BEGIN INFORMATION PROVIDED

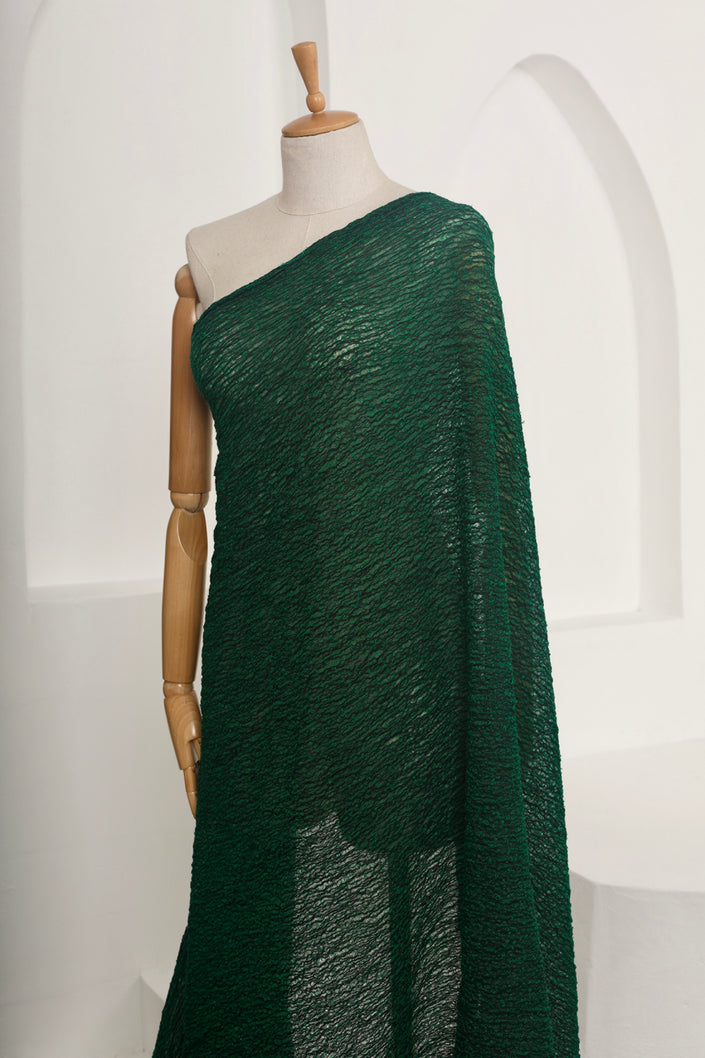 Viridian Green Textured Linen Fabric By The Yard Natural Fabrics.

END INFORMATION PROVIDED
BEGIN INFORMATION PROVIDED

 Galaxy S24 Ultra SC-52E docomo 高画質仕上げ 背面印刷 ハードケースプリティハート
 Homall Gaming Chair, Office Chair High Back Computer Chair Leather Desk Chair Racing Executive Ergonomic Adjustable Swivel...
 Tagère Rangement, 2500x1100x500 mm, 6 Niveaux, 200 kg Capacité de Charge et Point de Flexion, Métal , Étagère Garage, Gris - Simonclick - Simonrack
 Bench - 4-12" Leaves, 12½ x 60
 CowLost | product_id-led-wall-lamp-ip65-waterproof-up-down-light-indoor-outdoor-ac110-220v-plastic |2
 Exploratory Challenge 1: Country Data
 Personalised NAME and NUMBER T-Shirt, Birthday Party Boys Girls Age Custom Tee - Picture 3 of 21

END INFORMATION PROVIDED

Taking the entries above, write out exactly each line from the one holding "Exploratory Challenge 1: Country Data" to the one holding "Personalised NAME and", both included, and stop there.

• RESULT BELOW
 Exploratory Challenge 1: Country Data
 Personalised NAME and NUMBER T-Shirt, Birthday Party Boys Girls Age Custom Tee - Picture 3 of 21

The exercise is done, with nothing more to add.